- Data under study -
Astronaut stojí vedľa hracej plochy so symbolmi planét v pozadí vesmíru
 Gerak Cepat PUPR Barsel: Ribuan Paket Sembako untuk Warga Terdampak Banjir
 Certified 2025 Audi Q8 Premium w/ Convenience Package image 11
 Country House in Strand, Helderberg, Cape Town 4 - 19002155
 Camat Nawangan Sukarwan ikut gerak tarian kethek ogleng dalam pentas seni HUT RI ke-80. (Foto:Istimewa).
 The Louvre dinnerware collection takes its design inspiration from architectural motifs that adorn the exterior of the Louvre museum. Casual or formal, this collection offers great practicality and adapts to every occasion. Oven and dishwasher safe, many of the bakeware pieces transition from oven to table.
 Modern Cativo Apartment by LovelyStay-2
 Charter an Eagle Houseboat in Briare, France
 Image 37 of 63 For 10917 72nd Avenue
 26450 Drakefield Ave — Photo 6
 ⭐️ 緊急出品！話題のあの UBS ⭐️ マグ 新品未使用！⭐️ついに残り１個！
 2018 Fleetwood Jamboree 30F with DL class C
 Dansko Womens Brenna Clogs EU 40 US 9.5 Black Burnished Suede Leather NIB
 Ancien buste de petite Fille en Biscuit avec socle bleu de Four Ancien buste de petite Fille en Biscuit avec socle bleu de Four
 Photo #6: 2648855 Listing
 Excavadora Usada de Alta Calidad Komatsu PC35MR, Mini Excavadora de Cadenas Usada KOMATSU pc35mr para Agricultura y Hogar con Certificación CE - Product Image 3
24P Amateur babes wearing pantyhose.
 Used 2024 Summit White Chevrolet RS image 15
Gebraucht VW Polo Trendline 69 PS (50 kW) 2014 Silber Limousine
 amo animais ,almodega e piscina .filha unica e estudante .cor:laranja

- Problem statement -
Starting from the line with "Gerak Cepat PUPR", write out every remaining line of the data above exactly, the final line included, and nothing before it.

- Written reply -
 Gerak Cepat PUPR Barsel: Ribuan Paket Sembako untuk Warga Terdampak Banjir
 Certified 2025 Audi Q8 Premium w/ Convenience Package image 11
 Country House in Strand, Helderberg, Cape Town 4 - 19002155
 Camat Nawangan Sukarwan ikut gerak tarian kethek ogleng dalam pentas seni HUT RI ke-80. (Foto:Istimewa).
 The Louvre dinnerware collection takes its design inspiration from architectural motifs that adorn the exterior of the Louvre museum. Casual or formal, this collection offers great practicality and adapts to every occasion. Oven and dishwasher safe, many of the bakeware pieces transition from oven to table.
 Modern Cativo Apartment by LovelyStay-2
 Charter an Eagle Houseboat in Briare, France
 Image 37 of 63 For 10917 72nd Avenue
 26450 Drakefield Ave — Photo 6
 ⭐️ 緊急出品！話題のあの UBS ⭐️ マグ 新品未使用！⭐️ついに残り１個！
 2018 Fleetwood Jamboree 30F with DL class C
 Dansko Womens Brenna Clogs EU 40 US 9.5 Black Burnished Suede Leather NIB
 Ancien buste de petite Fille en Biscuit avec socle bleu de Four Ancien buste de petite Fille en Biscuit avec socle bleu de Four
 Photo #6: 2648855 Listing
 Excavadora Usada de Alta Calidad Komatsu PC35MR, Mini Excavadora de Cadenas Usada KOMATSU pc35mr para Agricultura y Hogar con Certificación CE - Product Image 3
24P Amateur babes wearing pantyhose.
 Used 2024 Summit White Chevrolet RS image 15
Gebraucht VW Polo Trendline 69 PS (50 kW) 2014 Silber Limousine
 amo animais ,almodega e piscina .filha unica e estudante .cor:laranja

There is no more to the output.